* _Task inputs_:
□ □ □

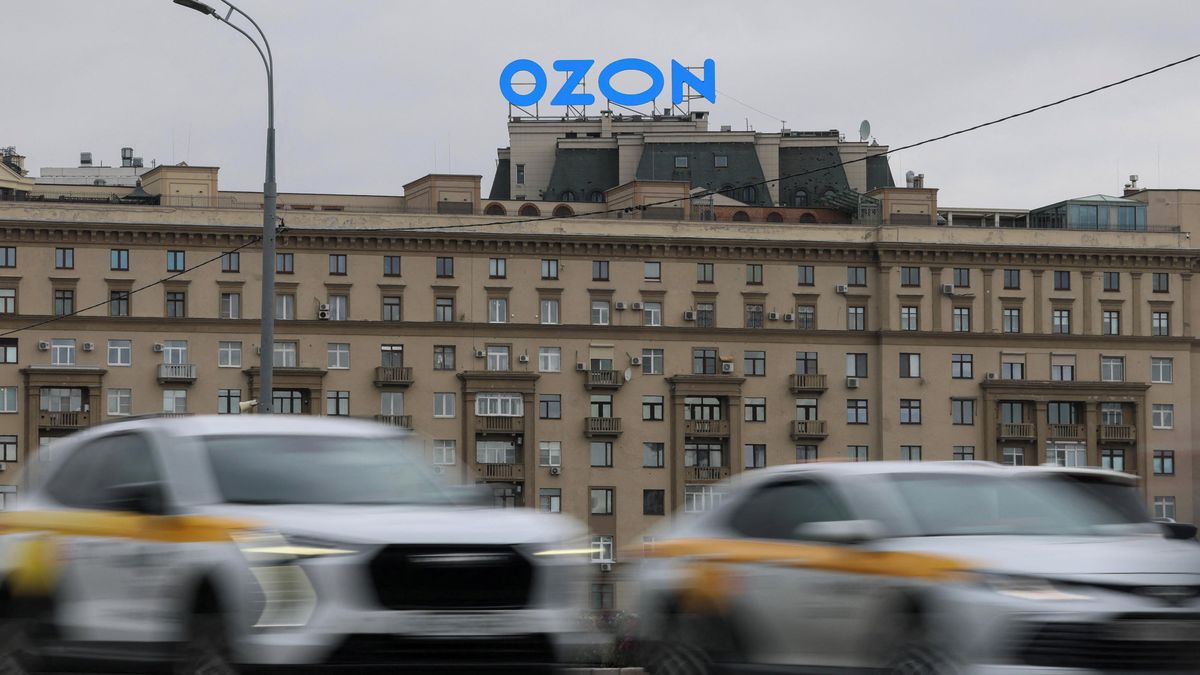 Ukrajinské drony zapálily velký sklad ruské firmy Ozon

□ □ □

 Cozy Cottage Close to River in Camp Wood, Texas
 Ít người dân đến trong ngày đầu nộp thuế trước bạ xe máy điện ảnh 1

□ □ □

* _What the task asks_: Look above for the line containing "Cozy Cottage Close". Output from there through the line containing "Ít người dân", exactly and inclusively.

* _Answer below_:
 Cozy Cottage Close to River in Camp Wood, Texas
 Ít người dân đến trong ngày đầu nộp thuế trước bạ xe máy điện ảnh 1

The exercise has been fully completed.